Sparsity-Based Interpolation of External, Internal and Swap Regret
This work addresses the challenge of designing adaptive algorithms for regret minimization in online learning, offering incremental improvements in intermediate regimes for researchers in optimization and machine learning.
This paper tackles the problem of interpolating performance metrics like external, internal, and swap regret in online learning via φ-regret minimization, achieving an instance-adaptive bound of Õ(min{√(d-d_φ^unif+1), √(d-d_φ^self)}·√T) that recovers optimal bounds in extreme cases and improves upon existing algorithms in intermediate regimes.
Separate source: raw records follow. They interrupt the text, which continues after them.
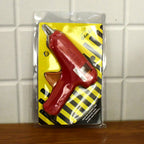 All components of the hot melt glue gun kit laid out.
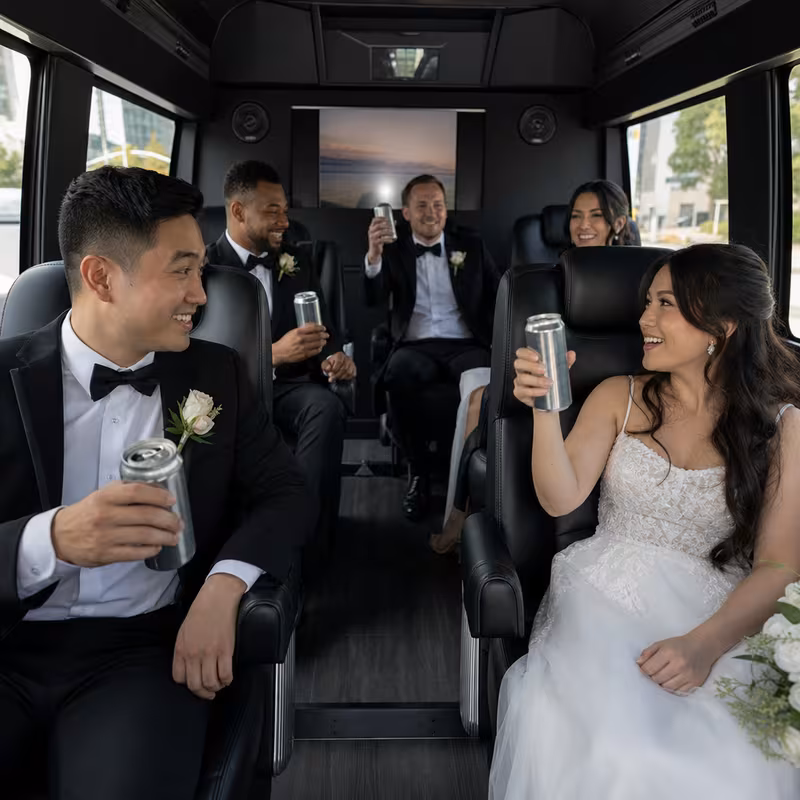 Black Mercedes Sprinter van staged for an Overland Park Wedding Transportation group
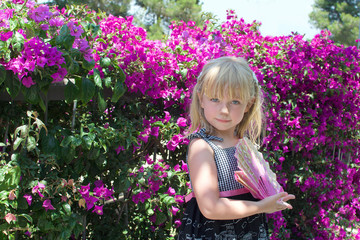 young girl with fan in front of bougainvillea flowers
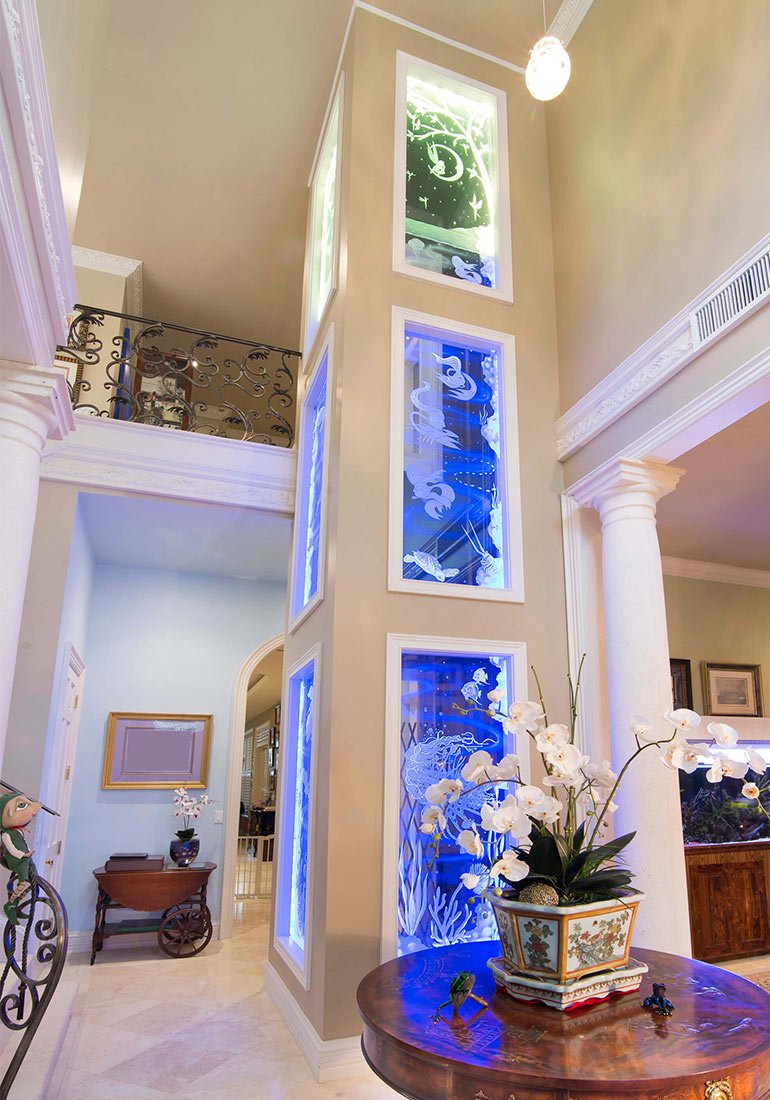 Illuminated home elevator shaft with ocean-themed glass panels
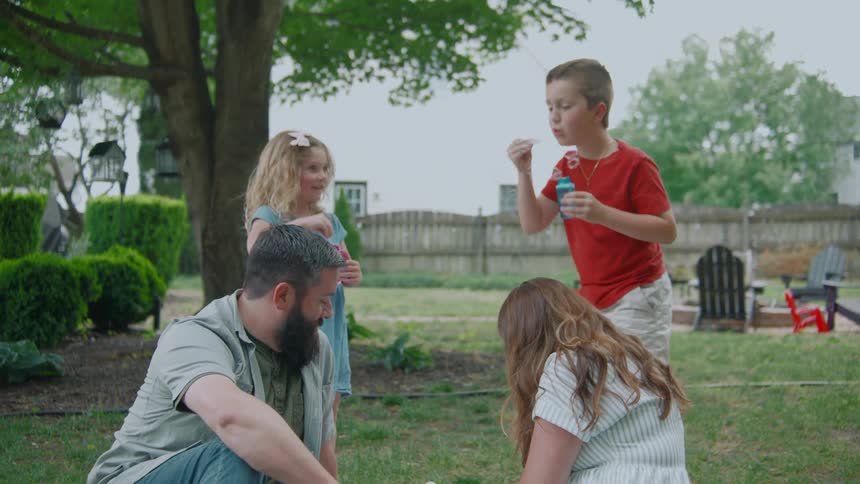 A loving family gathers in their backyard, with older siblings joyfully blowing bubbles around their parents and newborn baby
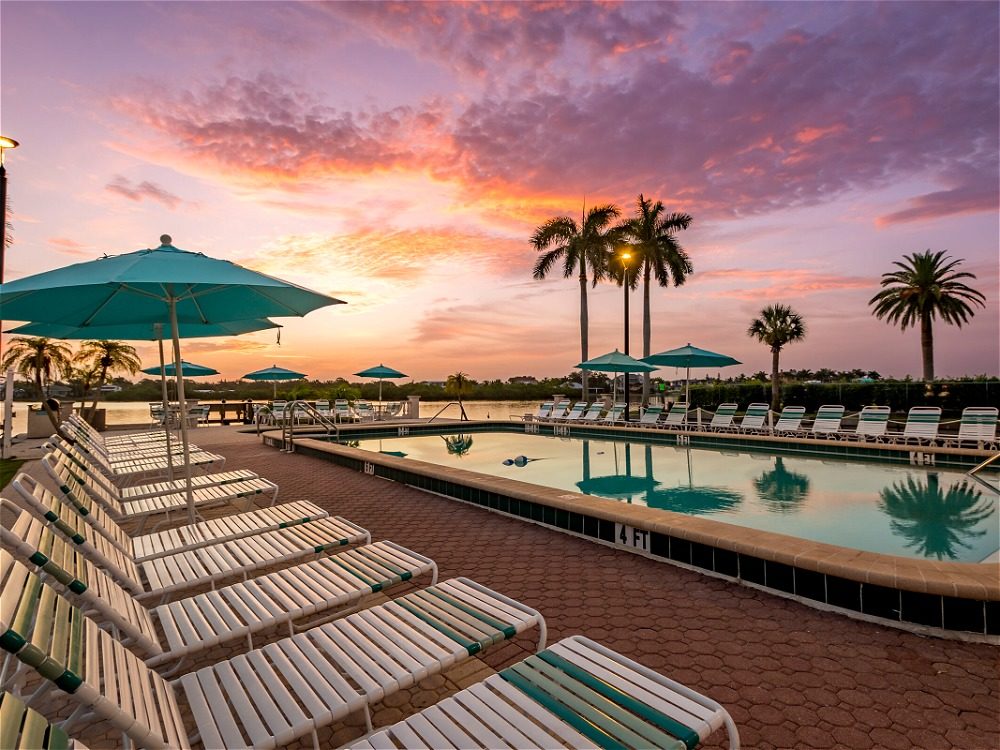 A serene poolside scene at sunset, featuring lounge chairs, umbrellas, and palm trees against a colorful sky.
Focusing on the expert problem in online learning, this paper studies the interpolation of several performance metrics via $φ$-regret minimization, which measures the total loss of an algorithm by its regret with respect to an arbitrary action modification rule $φ$. With $d$ experts and $T\gg d$ rounds in total, we present a single algorithm achieving the instance-adaptive $φ$-regret bound \begin{equation*} \tilde O\left(\min\left\{\sqrt{d-d^{\mathrm{unif}}_φ+1},\sqrt{d-d^{\mathrm{self}}_φ}\right\}\cdot\sqrt{T}\right), \end{equation*} where $d^{\mathrm{unif}}_φ$ is the maximum amount of experts modified identically by $φ$, and $d^{\mathrm{self}}_φ$ is the amount of experts that $φ$ trivially modifies to themselves. By recovering the optimal $O(\sqrt{T\log d})$ external regret bound when $d^{\mathrm{unif}}_φ=d$, the standard $\tilde O(\sqrt{T})$ internal regret bound when $d^{\mathrm{self}}_φ=d-1$ and the optimal $\tilde O(\sqrt{dT})$ swap regret bound in the worst case, we improve upon existing algorithms in the intermediate regimes. In addition, the computational complexity of our algorithm matches that of the standard swap-regret minimization algorithm due to (Blum and Mansour, 2007). Technically, building on the well-known reduction from $φ$-regret minimization to external regret minimization on stochastic matrices, our main idea is to further convert the latter to online linear regression using Haar-wavelet-inspired matrix features. Then, by associating the complexity of each $φ$ instance with its sparsity under the feature representation, we apply techniques from comparator-adaptive online learning to exploit the sparsity in this regression subroutine.